Tarian Angguk ini dibawakan oleh delapan penari yang semuanya laki-laki. Dua penari dibagian depan disebut barong atau mbarep, empat penari tengah prajurit, dan dua penari belakang dinamakan buntil. Khusus penari buntil diperankan oleh anak-anak atau remaja.

Regenerasi
Keterlibatan anak-anak dalam kesenian Angguk ini, meyakinkan Maryoto, bahwa kesenian langka peninggalan nenek moyang ini akan mampu bertahan. Kerap anak-anak SD atau SMP main ke rumah Maryoto yang sekaligus sebagai sanggar seni Angguk “Sri Rahayu”.

“Mencari pemain Angguk caranya ya dengan merayu anak-anak yang suka main ke rumah. Kalau mereka suka, tinggal menemui orang tuanya. Seringkali anaknya ingin bermain Angguk tapi orang tuanya yang tidak setuju, atau sebaliknya,” ungkap Maryoto yang juga bertindak sebagai dalang Ebeg.

Saat ini, penari Angguk yang berperan sebagai buntil yaitu Gilang Pratama yang sudah duduk di bangku kelas XI SMKN Bawang Banjarnegara dan Kris Egianto yang masih duduk di kelas IX SMPN 3 Pengadegan Purbalingga.

Menurut Kris Egianto, awal bergabung dengan grup Angguk “Sri Rahayu” beberapa bulan lalu karena kerap bermain ke rumah Maryoto yang memang tak jauh dari rumahnya. “Kadang melihat mereka latihan, saya seperti jatuh cinta pada kesenian Angguk. Orang tua saya setuju dan mendukung saya bergabung,” jelas remaja yang juga suka bermain sepakbola.

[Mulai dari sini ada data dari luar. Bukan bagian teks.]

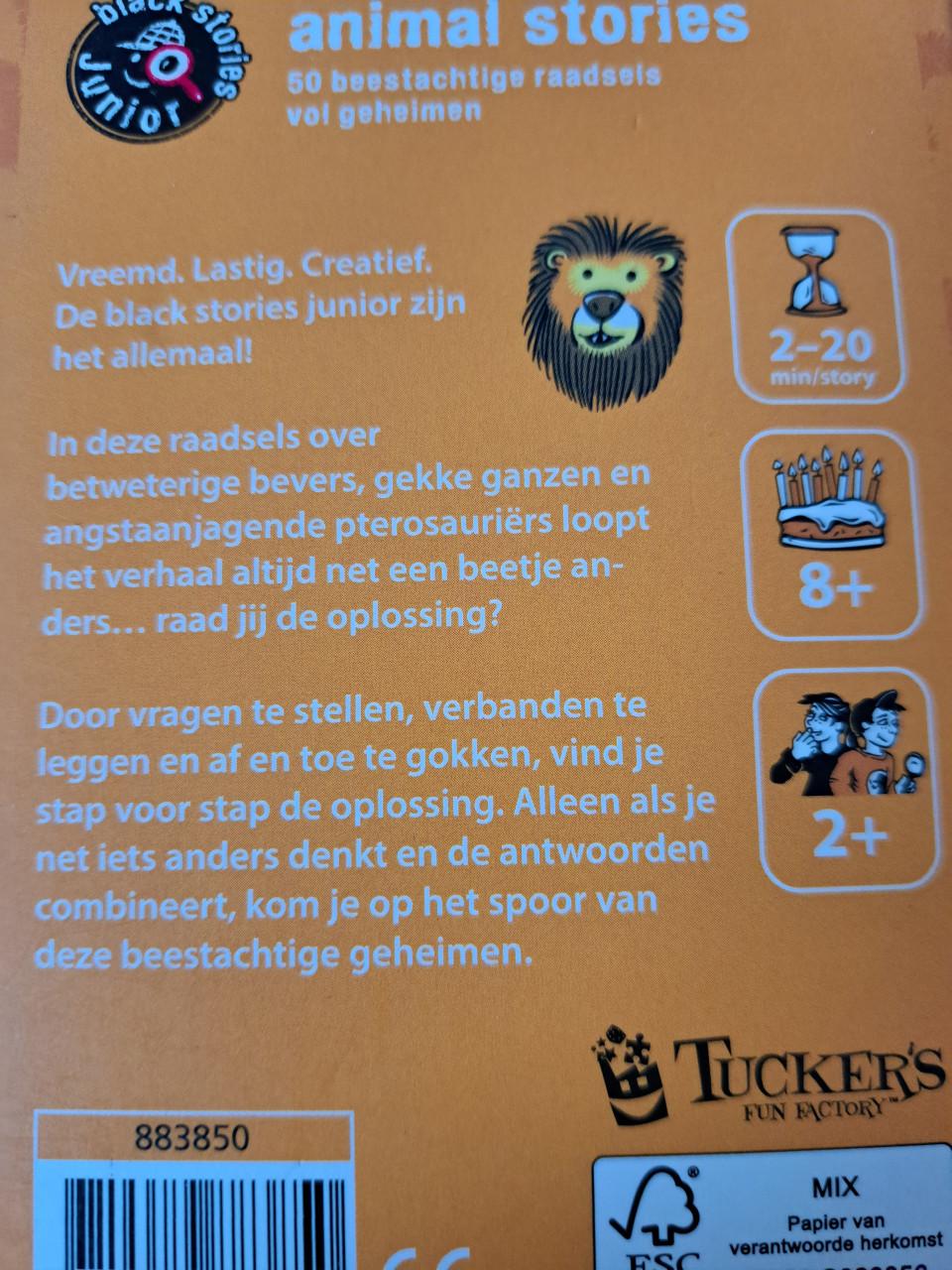 2 NIEUWE KAARTSPELLEN ANIMAL STORIES EN GREEN STORIES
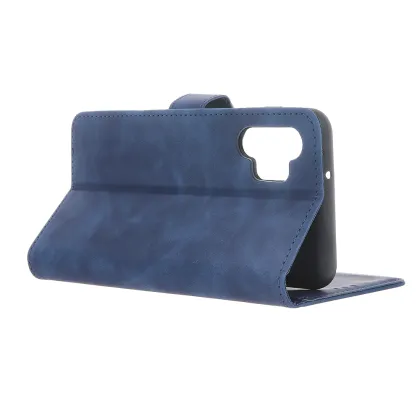 Smart Velvet case for Samsung Galaxy A21s navy
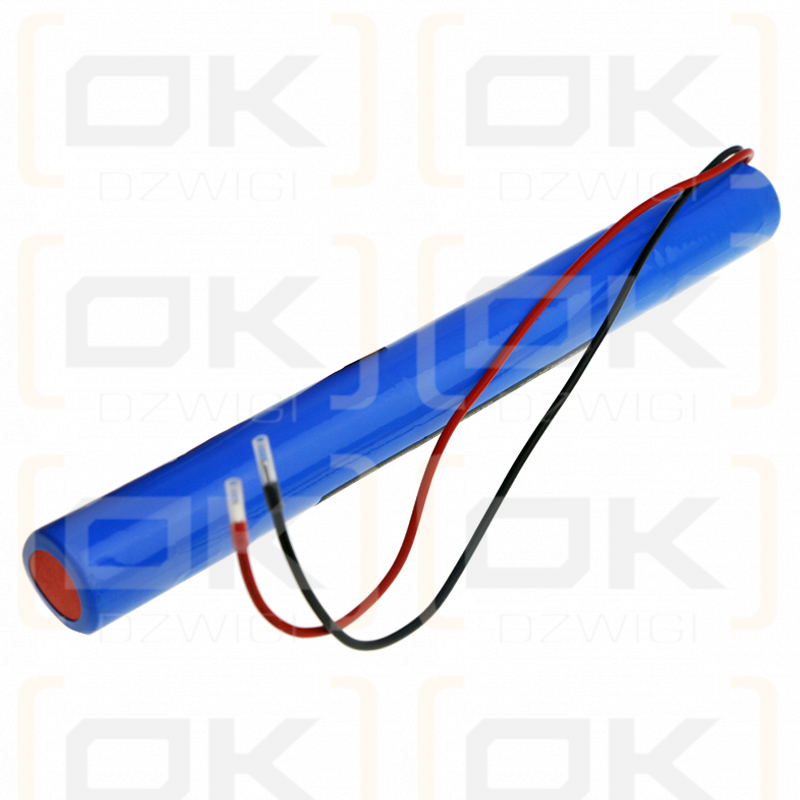 Kundenspezifischer Akku / SC1700HT 1700 mAh Ni-MH 6,0 V (Cameron Sino)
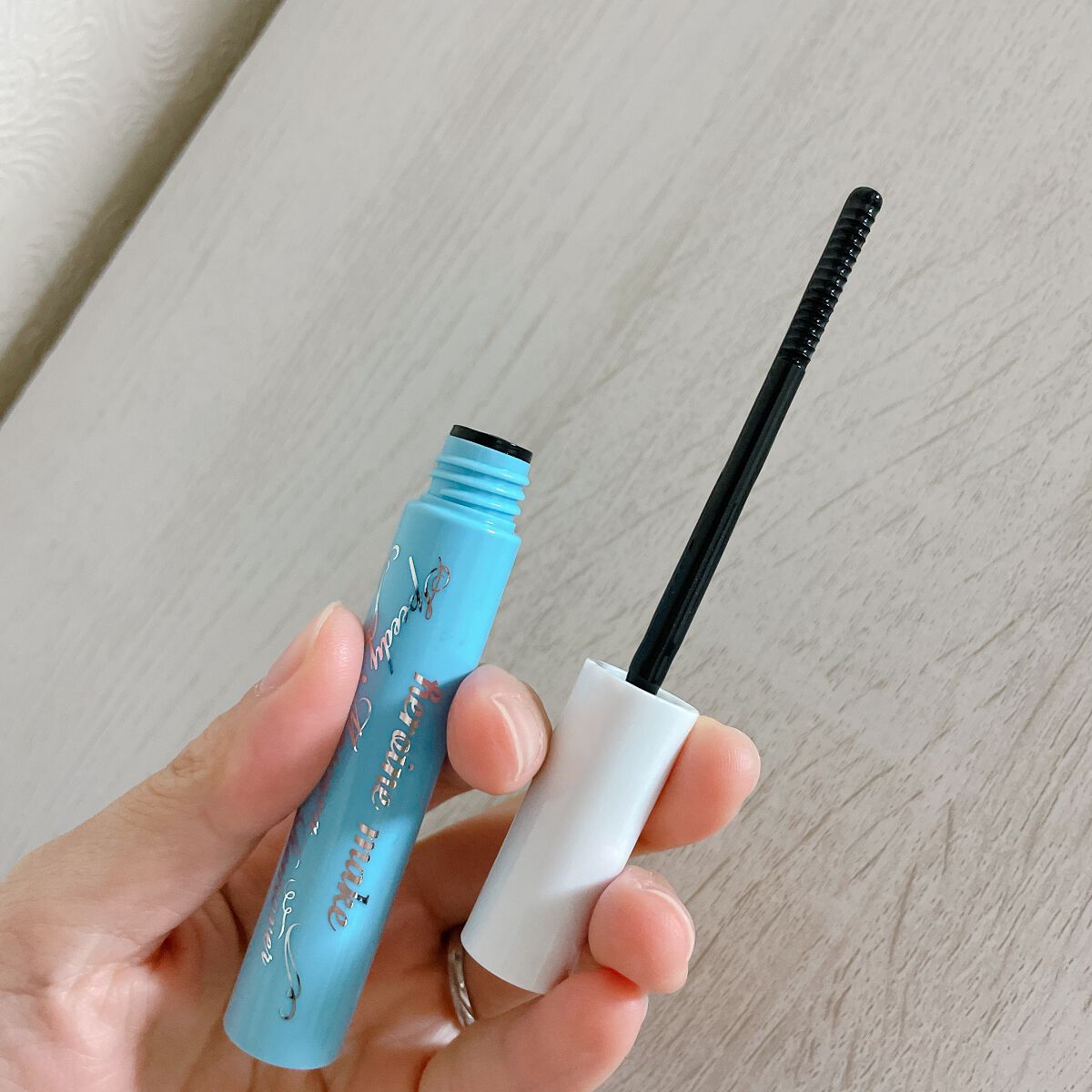 ヒロインメイクSP スピーディーマスカラリムーバー/ヒロインメイク/ポイントメイクリムーバーを使ったクチコミ(3枚目)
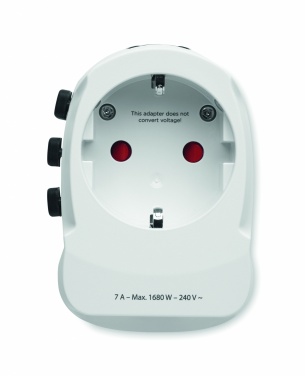 Logotrade promotional gift image of: PRO Light 2x USB. 3-pole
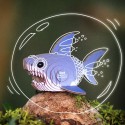 Eugy puzzle Requin 3D en carton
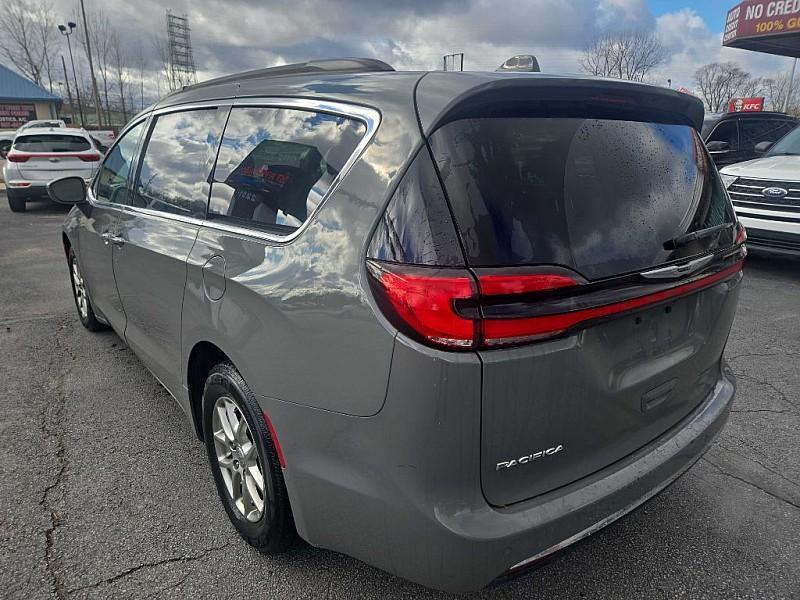 used 2022 Chrysler Pacifica car, priced at $19,300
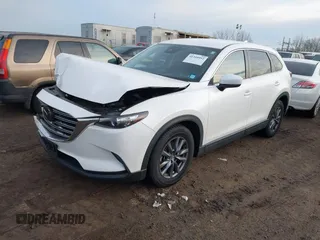 2020 Mazda CX-9 Sport with VIN JM3TCBBY6L0414673, listed as a IAAI auction lot 41310952 with 27,686 mi miles. Bid and sale history available at carsss.com. Image 20.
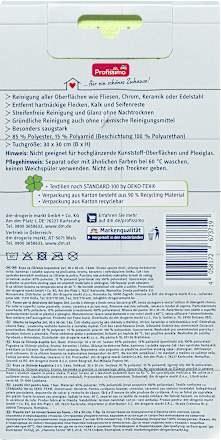 2in1-Badtuch Profissimo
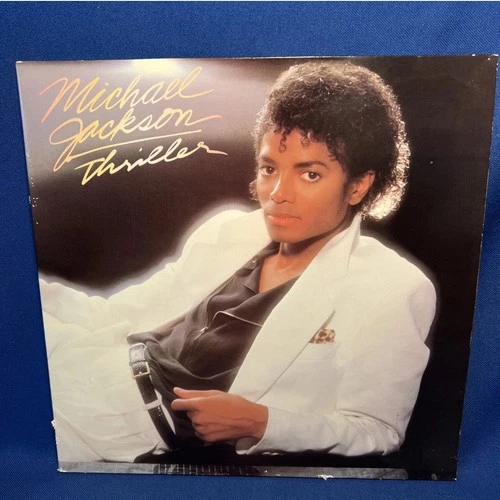 Thriller Michael Jackson Vinyl LP Records 1982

Tidak ada rasa khawatir di wajah Maryoto, kesenian langka Angguk ini akan punah. Mata batinnya mampu melihat anak-anak yang akan bergabung dan meneruskan kesenian Islam ini. Karena itu, salah satu usaha Maryoto dengan memperbaharui gerakan dan cara menabuh alat musik agar lebih dinamis.